**WHAT IS BEING ASKED**: Your answer should be an exact copy of the lines from the one holding "IGL Portable Basketball" to the end of the material below, pictures left out.

**LISTED RECORDS**:
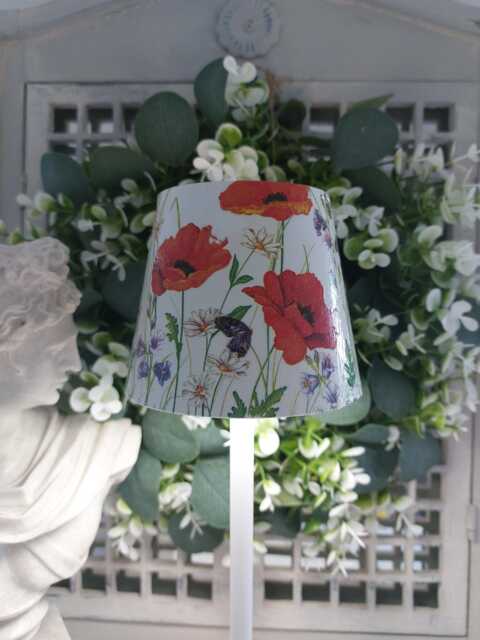 Beautiful Decoupaged Poppy Meadow Indoor/Outdoor Usb Rechargeable Table Lamp.no Plugs Or Sockets Needed. Cordless Lamp - image 1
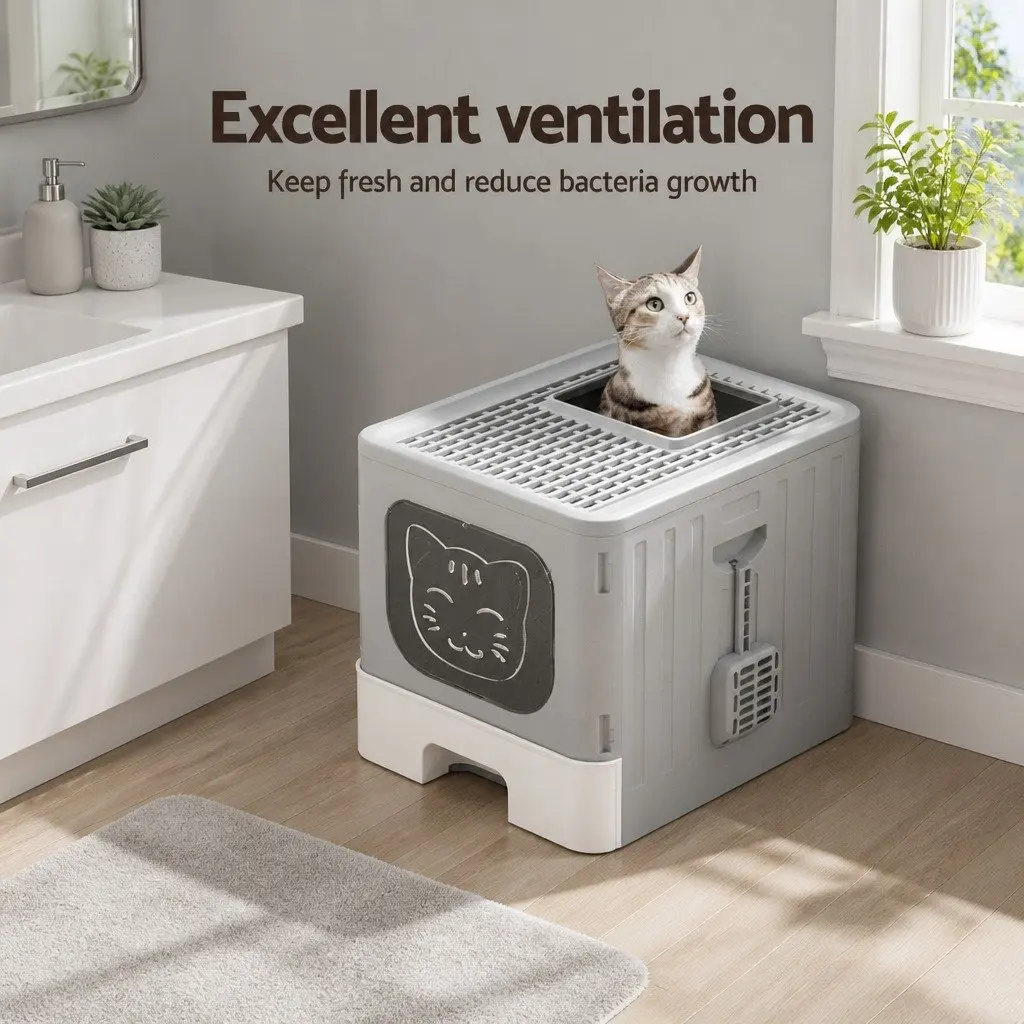 Cat Litter Box Enclosed Foldable with Scoop Grey White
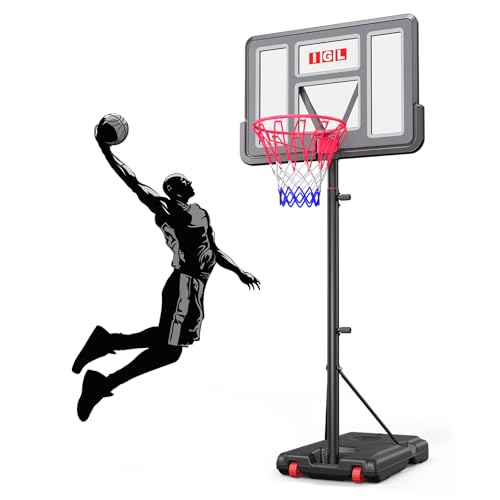 IGL Portable Basketball Hoop, 5.6-10FT Adjustable Basketball Goal System, 40/44 Inch Outdoor Basketball Hoop & Goals for Kids, Youth, and Adults in The Backyard, Driveway with PC Backboard - color: Gloss Black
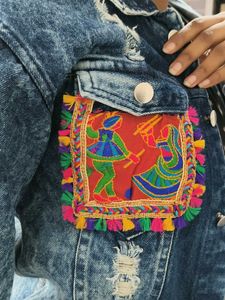 Unisex Navratri Embellished Denim Jacket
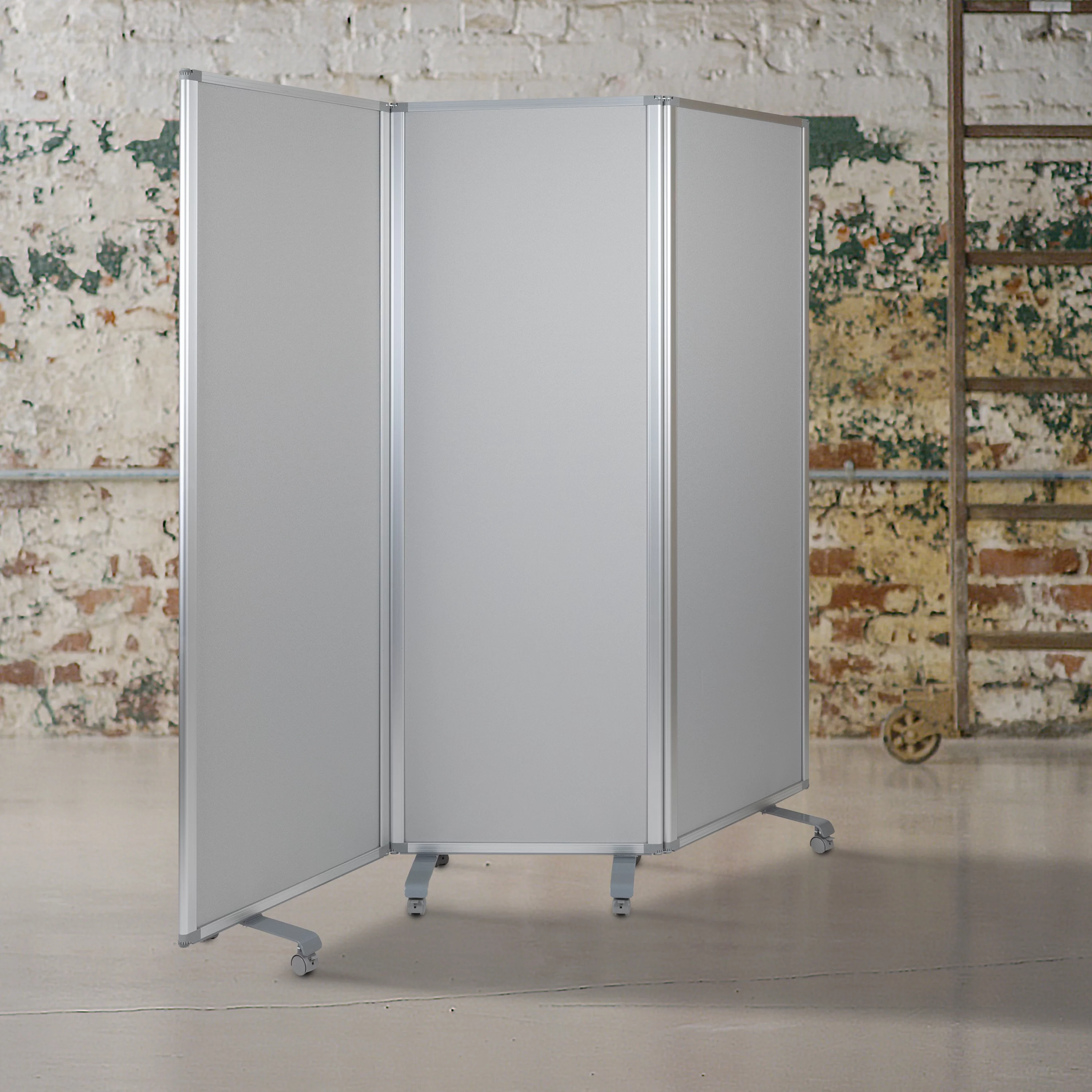Emma + Oliver Mobile Whiteboard/Cloth 3 Section Partition with Locking Casters, 72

**FINISHED TASK**:
 IGL Portable Basketball Hoop, 5.6-10FT Adjustable Basketball Goal System, 40/44 Inch Outdoor Basketball Hoop & Goals for Kids, Youth, and Adults in The Backyard, Driveway with PC Backboard - color: Gloss Black
 Unisex Navratri Embellished Denim Jacket
Emma + Oliver Mobile Whiteboard/Cloth 3 Section Partition with Locking Casters, 72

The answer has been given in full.